Here's Alagraa, who studies Africana Studies at Brown University, with her analysis of the use of violence in the video: “The 2015 Charleston massacre is still pretty fresh and the first thing that came to my mind was what if it had been me or my own mother or someone I knew that had survived this massacre and what must it feel like for Donald Glover to take it upon himself, to use it as an artistic cue, without any consideration for the fact that he's probably going to be re-traumatizing a lot of people who have survived this. And I'm someone who always wants to make sure that whatever artistic productions or especially black expressive cultural productions, remain deeply ethical at their core and I think this was very much not that.”

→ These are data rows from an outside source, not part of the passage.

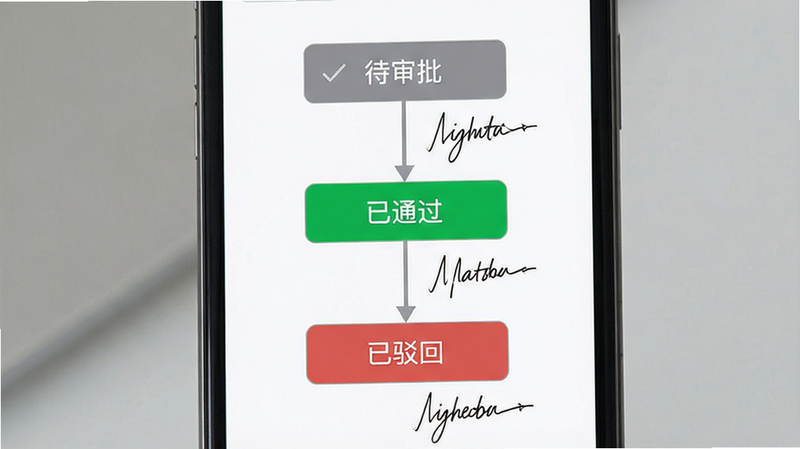 手机界面展示审批流程页面,主体为流程节点图,布局垂直排列,显示“待审批”、“已通过”、“已驳回”状态,风格商务简约,灰色与绿色状态标识,细节处有电子签名笔迹,高清,无杂乱元素,文字清晰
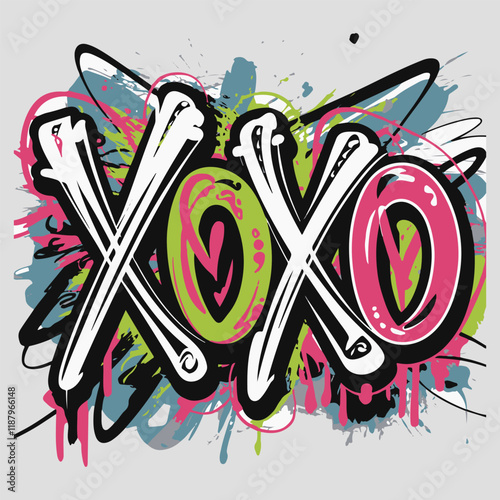 Vibrant color Graffiti XOXO Hugs and kisses Lettering  text vector design for print and trendy tee t shirt and clipart Happy Valentine's Day background 
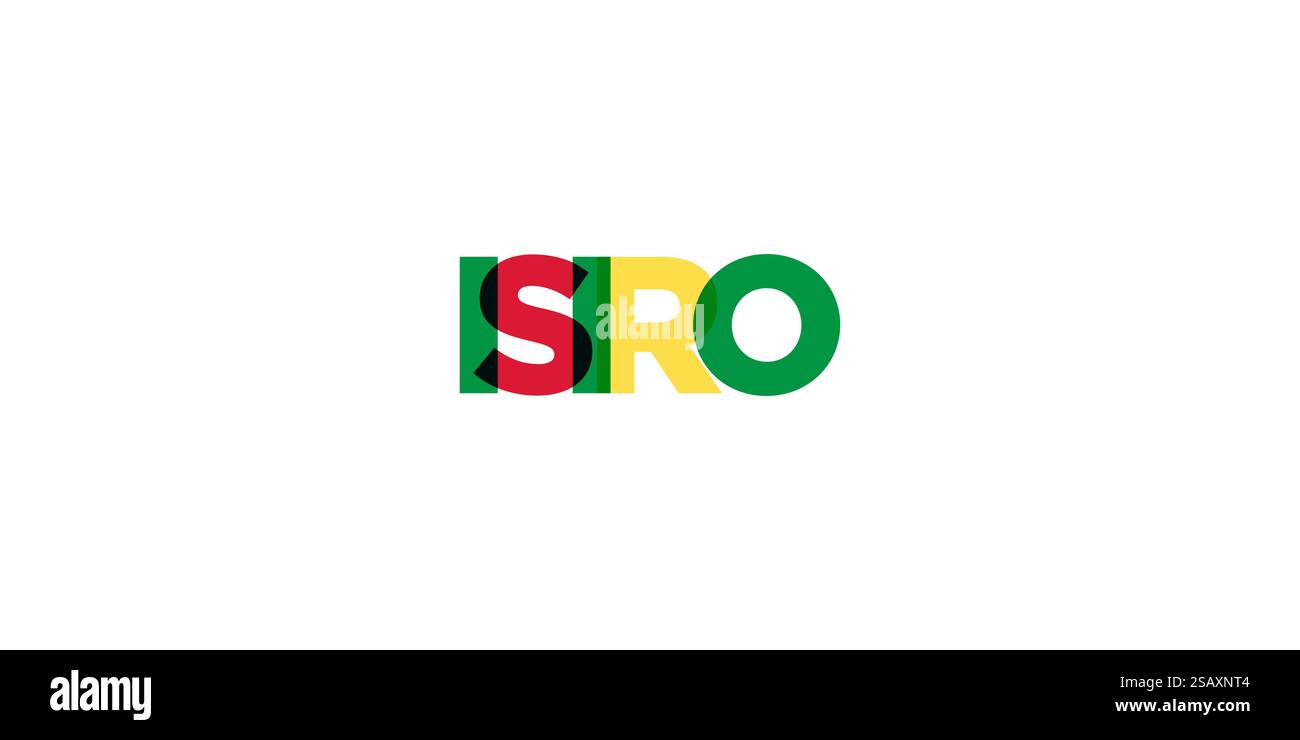 Isiro in Congo emblema per stampa e web. Il design presenta uno stile geometrico, un'illustrazione vettoriale con caratteri tipografici in grassetto in caratteri moderni. Slogan grafico isolato su sfondo bianco. Illustrazione Vettoriale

Complex: The Story Behind Childish Gambino's Symbolic "This Is America" Dance Choreography

Eric Skelton interviews the video's choreographer, Sherrie Silver, about the direction she was given and the role of dancing in the video, which featured a variety of styles from around the world, including South Africa's Gwara Gwara dance.

"There are a lot of dark themes in it, so they wanted us to be the light of the video. You know how kids are innocent and kind of unaware of what's going on? We were there to smile and bring joy to everyone watching it, because the background is bringing so much darkness and reality. I've seen a lot of people online referring to us as 'the distraction,' which I find quite interesting. That's why I loved being a part of this particular project, because a lot of people comment, 'Completely ignore the dancers and Donald and watch what's in the background.' You know, there are two completely different worlds in one scene. Or, three different worlds actually. It's amazing."